*** Opening Recorded data ***
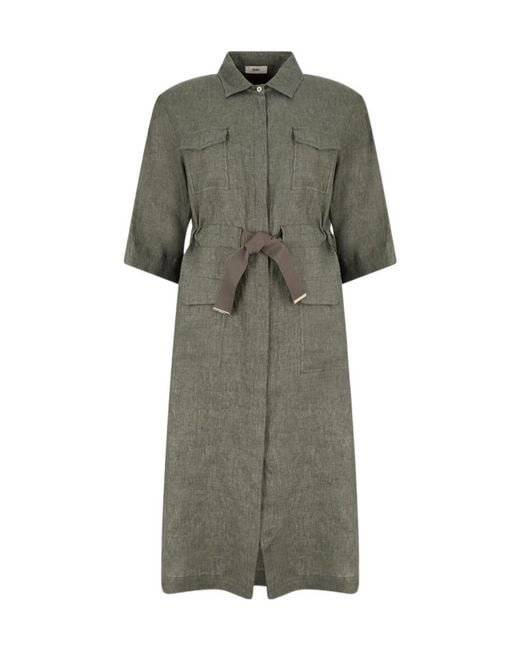 Herno Green Drawstring-Waist Linen Midi Dress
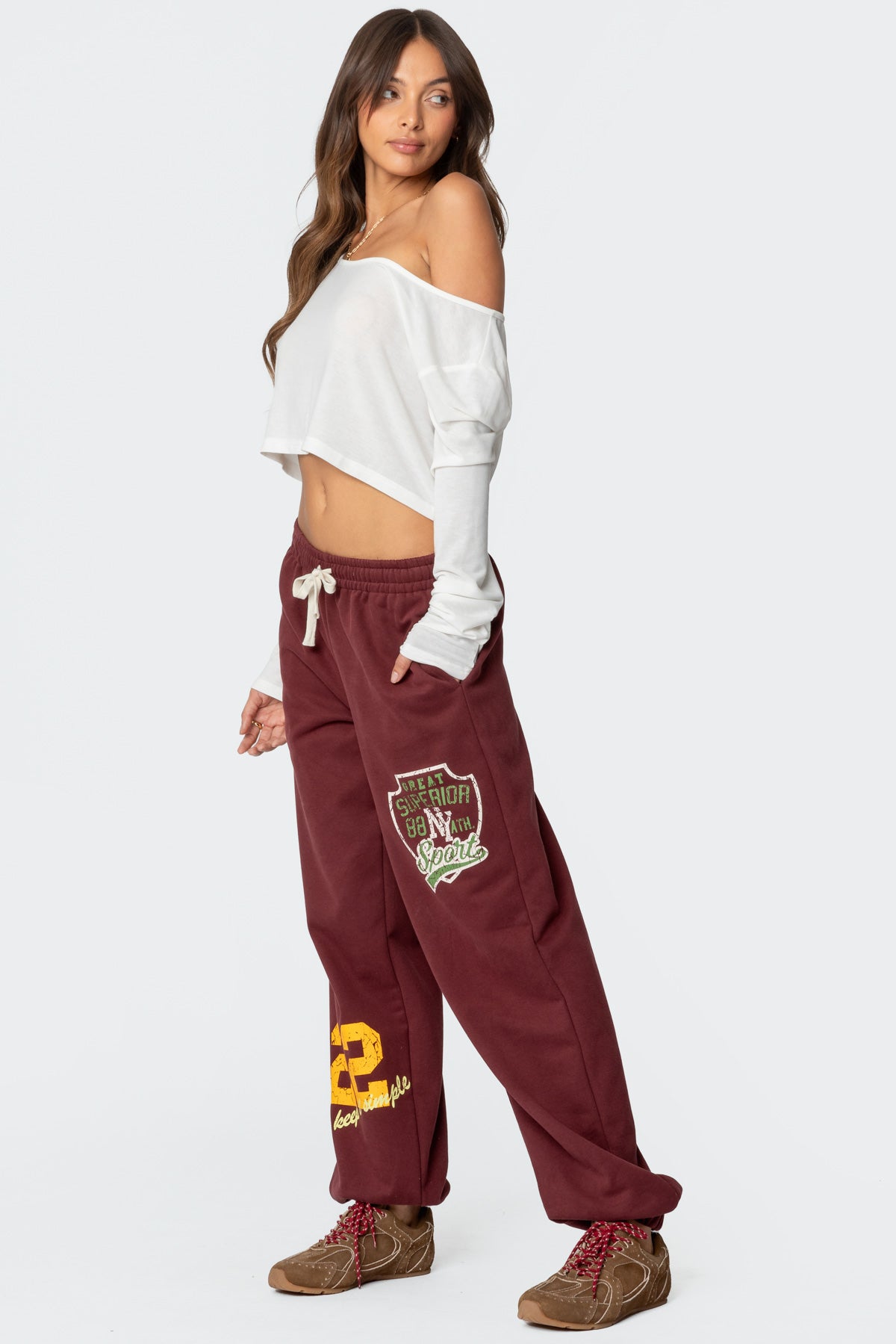 Cropped Off Shoulder Top - Image 3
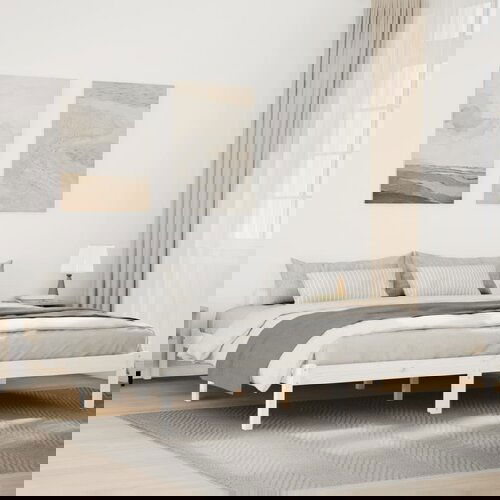 VidaXL Dalj&amp;scaron;i posteljni okvir brez vzmetnice bel 180x220 cm borovina Slike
*** Closing Recorded data ***
Retype all of the material above exactly; the pictures stay out.

 Herno Green Drawstring-Waist Linen Midi Dress
 Cropped Off Shoulder Top - Image 3
 VidaXL Dalj&amp;scaron;i posteljni okvir brez vzmetnice bel 180x220 cm borovina Slike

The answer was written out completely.